By AMERICAN HEART ASSOCIATION NEWS

Illustration of the body's heart and kidneys

Achieving ideal heart health may also help prevent chronic kidney disease, according to new research in the Journal of the American Heart Association.

The study was the first to show that for people who are generally healthy, a higher number of ideal Life’s Simple 7 health factors is associated with a reduced risk of new-onset kidney disease, said Casey M. Rebholz, Ph.D., M.P.H., M.S., assistant professor of epidemiology at Johns Hopkins Bloomberg School of Public Health in Baltimore, Maryland.

Life’s Simple 7 are healthy blood pressure, cholesterol, blood sugar, diet, body weight, enough physical activity and not smoking.

For the study, researchers categorized 14,832 people ages 45-64 in each of Life’s Simple 7 measures as poor, intermediate or ideal.
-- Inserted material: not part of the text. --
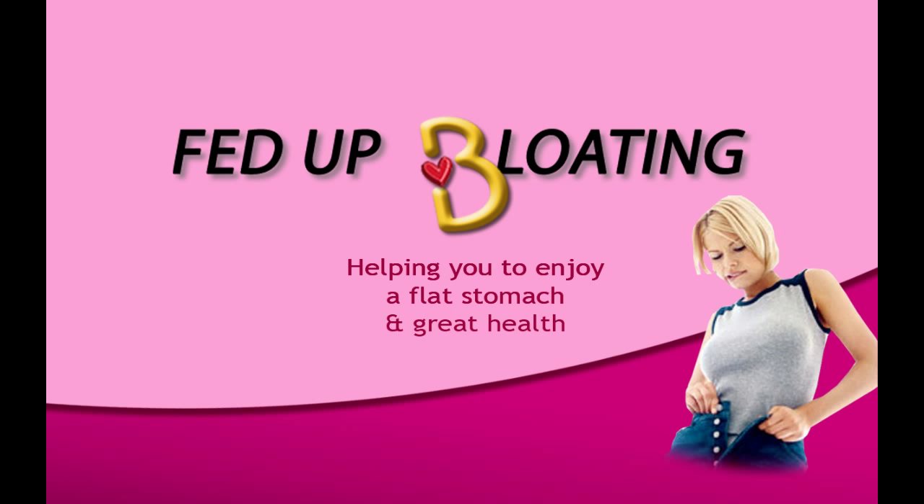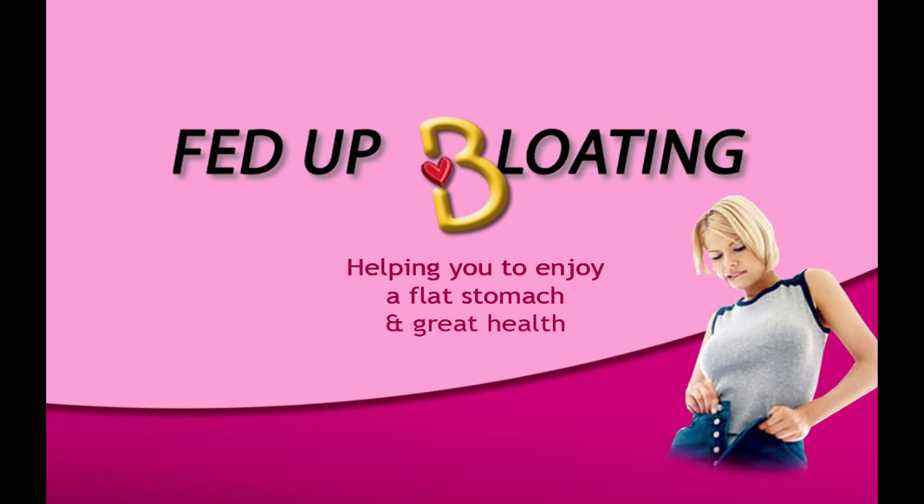But if you don't want to go to the doctors, you can take a free Candida Symptoms Test right now at our website feduploading.com. Thank you.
Participants were followed for an average 22 years for the development of chronic kidney disease, a sometimes life-threatening condition in which the kidneys are damaged and can’t filter waste from the body.

Researchers found:

  • Participants with the most Simple 7 health factors had the lowest risk of developing chronic kidney disease.
  • About a third of study participants who had no ideal health factors at the study’s start developed chronic kidney disease during follow-up.
  • Only 6.5 percent of participants with six or seven ideal health factors developed chronic kidney disease.
  • Smoking, body mass index, physical activity, blood pressure and blood glucose were associated with chronic kidney disease risk, but diet and blood cholesterol were not.
  • The higher the number of ideal health factors, the lower the risk of chronic kidney disease.
  • There were 2,743 cases of chronic kidney disease during an average 22 years of follow-up.
  • The number of ideal Life’s Simple 7 health factors was significantly associated with chronic kidney disease even after accounting for age, sex, race, and a test to gauge kidney function called glomerular filtration rate.
  • The narrowing of arteries that underlies heart disease also damages the blood vessels in the kidneys. Damaged kidneys are less able to produce a hormone that regulates blood pressure.

Researchers defined ideal levels of Life’s Simple 7 as:

  • Being a non-smoker or quitting more than one year ago.
  • Having a healthy weight (body mass index less than 25).
  • Performing at least 150 minutes/week of physical activity.
  • Having a healthy diet score (high in fruits and vegetables, fish and fiber-rich whole grains; low in sodium and sugar-sweetened beverages).
  • Having a total cholesterol less than 200 mg/dL; blood pressure of less than 120/80 mm Hg; and a fasting blood glucose of less than 100 mg/dL.